My name is Natalie Pierzga. I am a senior at Appalachian State University who plans to graduate in December of 2014 with a degree in Secondary English Education. I was born in Easton, Pennsylvania and lived in New Jersey until I moved to Apex, North Carolina in 1998. In my future as an English teacher, I hope to use literature as a way to help my students see themselves, their peers, and the world around them as richly and complexly as possible. As cliche as it may sound, I hope to change at least a small part of the world through my teaching. I hope to allow students to challenge the way they view the world, and I hope to encourage complicated and respectful conversations about issues in our world that are difficult to understand. I always grew up saying that I wanted to have an impact on the world. Well, the best place to start when trying to impact the world is with young people. And so, here I am.
I’ve known since my junior year of high school that I wanted to eventually teach English. My story, I imagine, is very similar to those of most future educators. I had both incredible teachers in high school who inspired me to teach as well as they taught me, and I also had terrible teachers who inspired me to want to teach better than they taught me. My interest in English came from my creative writing teacher in 11th grade, and my British Literature teacher in 12th grade. I fell in love with both reading and writing, and more importantly, I became obsessed with why it is important for us, as human beings, to read and write, and to do it well.
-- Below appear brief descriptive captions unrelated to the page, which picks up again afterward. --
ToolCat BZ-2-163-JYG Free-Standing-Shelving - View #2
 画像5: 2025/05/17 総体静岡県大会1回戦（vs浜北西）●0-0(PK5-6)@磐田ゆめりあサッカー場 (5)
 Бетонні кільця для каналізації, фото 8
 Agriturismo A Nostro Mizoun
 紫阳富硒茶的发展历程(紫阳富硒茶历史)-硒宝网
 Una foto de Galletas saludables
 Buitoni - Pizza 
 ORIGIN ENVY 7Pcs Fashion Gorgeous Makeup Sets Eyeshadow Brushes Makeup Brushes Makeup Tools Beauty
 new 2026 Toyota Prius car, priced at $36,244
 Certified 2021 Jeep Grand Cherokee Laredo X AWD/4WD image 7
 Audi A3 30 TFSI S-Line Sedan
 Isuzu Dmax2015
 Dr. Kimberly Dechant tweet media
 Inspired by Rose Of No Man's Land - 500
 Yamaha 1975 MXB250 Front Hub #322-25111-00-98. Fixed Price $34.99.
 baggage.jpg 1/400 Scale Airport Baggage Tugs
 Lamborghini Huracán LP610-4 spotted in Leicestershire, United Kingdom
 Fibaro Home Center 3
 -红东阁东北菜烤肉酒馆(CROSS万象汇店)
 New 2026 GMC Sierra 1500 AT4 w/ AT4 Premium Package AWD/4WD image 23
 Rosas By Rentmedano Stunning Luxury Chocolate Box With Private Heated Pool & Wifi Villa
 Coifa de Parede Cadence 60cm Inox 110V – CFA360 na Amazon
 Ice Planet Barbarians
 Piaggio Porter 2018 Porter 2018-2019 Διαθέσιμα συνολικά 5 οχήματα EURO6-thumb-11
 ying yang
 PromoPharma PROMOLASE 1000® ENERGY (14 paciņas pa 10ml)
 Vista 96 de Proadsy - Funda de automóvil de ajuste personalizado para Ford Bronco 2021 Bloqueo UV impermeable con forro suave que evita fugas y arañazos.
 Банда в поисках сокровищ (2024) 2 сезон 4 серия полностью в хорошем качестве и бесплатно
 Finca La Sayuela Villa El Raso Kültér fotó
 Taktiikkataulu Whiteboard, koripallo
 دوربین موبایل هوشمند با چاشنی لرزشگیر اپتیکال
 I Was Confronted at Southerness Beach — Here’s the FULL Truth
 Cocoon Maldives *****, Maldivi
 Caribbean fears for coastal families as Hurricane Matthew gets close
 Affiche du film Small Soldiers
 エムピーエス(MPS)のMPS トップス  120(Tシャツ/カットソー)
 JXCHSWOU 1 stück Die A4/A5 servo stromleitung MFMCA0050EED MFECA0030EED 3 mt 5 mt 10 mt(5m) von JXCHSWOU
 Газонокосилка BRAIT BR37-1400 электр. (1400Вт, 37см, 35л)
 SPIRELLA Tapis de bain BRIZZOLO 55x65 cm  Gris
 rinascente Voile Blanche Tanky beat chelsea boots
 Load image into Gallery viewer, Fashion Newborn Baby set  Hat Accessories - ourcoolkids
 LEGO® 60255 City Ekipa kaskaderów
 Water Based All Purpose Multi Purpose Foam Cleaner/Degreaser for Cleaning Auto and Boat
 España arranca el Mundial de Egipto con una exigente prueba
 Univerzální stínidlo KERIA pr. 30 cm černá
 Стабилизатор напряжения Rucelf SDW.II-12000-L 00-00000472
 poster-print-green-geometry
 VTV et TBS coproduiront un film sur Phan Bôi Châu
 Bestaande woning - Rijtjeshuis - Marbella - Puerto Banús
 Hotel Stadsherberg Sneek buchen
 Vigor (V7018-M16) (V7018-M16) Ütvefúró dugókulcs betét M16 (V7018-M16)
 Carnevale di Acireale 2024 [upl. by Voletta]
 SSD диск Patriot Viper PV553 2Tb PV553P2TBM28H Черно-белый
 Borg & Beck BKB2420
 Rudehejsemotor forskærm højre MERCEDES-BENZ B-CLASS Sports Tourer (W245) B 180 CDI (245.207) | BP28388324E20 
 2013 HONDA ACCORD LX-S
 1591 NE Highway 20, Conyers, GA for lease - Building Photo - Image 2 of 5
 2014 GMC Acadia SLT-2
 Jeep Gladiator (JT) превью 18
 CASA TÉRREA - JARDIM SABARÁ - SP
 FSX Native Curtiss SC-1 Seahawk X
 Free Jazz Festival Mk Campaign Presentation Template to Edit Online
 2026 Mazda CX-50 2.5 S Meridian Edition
I’ve always seen literature as a sort of window into a life that is completely different from my own. And so, in reading about something that I don’t know anything about, I am given an opportunity to empathize with and relate to someone who, at first glance, I may have nothing in common with. The opportunity to find common ground with someone who may be your polar opposite is a crucial chance for young people to have. By providing students the opportunity to connect with literary characters with vastly different backgrounds than their own, we allow them to begin to imagine other people as complexly as they imagine themselves. Further, when people start to imagine others as complexly as they imagine themselves, they are more likely to sympathize and empathize more effectively, ultimately making them more well-rounded and understanding towards others.
As far as the writing component of teaching English, I believe it’s extremely important for students to have the opportunity to create inside of the classroom. I also think that it’s important to take the product of what is created inside of the classroom outside the classroom so that students have the chance to receive feedback from someone who isn’t their teacher. Sharing writing also gives students a sense of pride in what they create, which will (hopefully) inevitably generate more interest in writing within the classroom.
So, long story short, I’m really excited to start teaching because I believe that reading and writing have the ability to change the way that people think and learn. And in my opinion, the world could use more than a little bit of change.